___ Available records

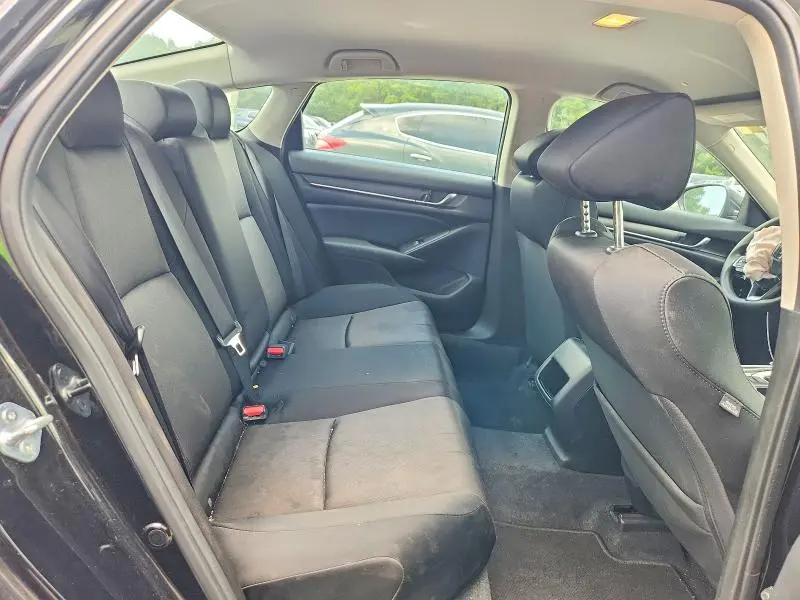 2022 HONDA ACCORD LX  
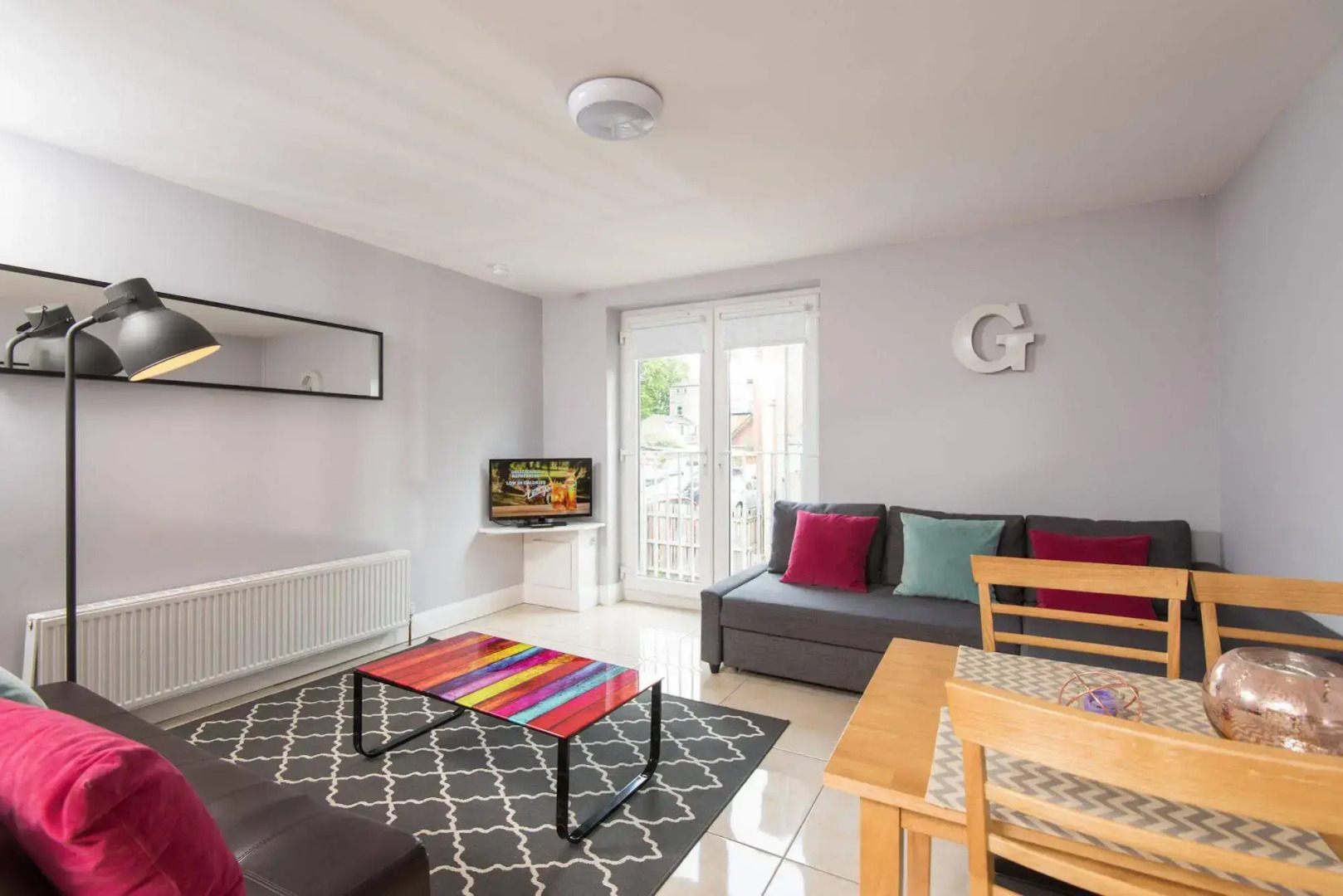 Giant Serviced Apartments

______
___ Available records

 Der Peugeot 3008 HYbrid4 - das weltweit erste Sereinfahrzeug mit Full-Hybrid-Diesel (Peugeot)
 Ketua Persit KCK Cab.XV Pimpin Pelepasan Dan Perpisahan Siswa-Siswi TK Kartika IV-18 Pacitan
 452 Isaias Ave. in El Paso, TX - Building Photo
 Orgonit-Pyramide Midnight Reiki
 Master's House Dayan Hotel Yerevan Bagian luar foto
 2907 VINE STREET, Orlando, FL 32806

______
___ Available records

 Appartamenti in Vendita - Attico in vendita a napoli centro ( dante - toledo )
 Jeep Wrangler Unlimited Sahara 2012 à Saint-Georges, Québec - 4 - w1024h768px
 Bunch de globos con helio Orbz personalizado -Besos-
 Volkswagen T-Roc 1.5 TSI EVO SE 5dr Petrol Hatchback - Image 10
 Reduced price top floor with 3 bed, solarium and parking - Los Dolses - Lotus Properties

______

## Exercise
Everything in the material above from the line that has "Volkswagen T-Roc 1.5" through the line that has "Reduced price top" must be duplicated exactly, with no other lines given.

## Finished exercise
 Volkswagen T-Roc 1.5 TSI EVO SE 5dr Petrol Hatchback - Image 10
 Reduced price top floor with 3 bed, solarium and parking - Los Dolses - Lotus Properties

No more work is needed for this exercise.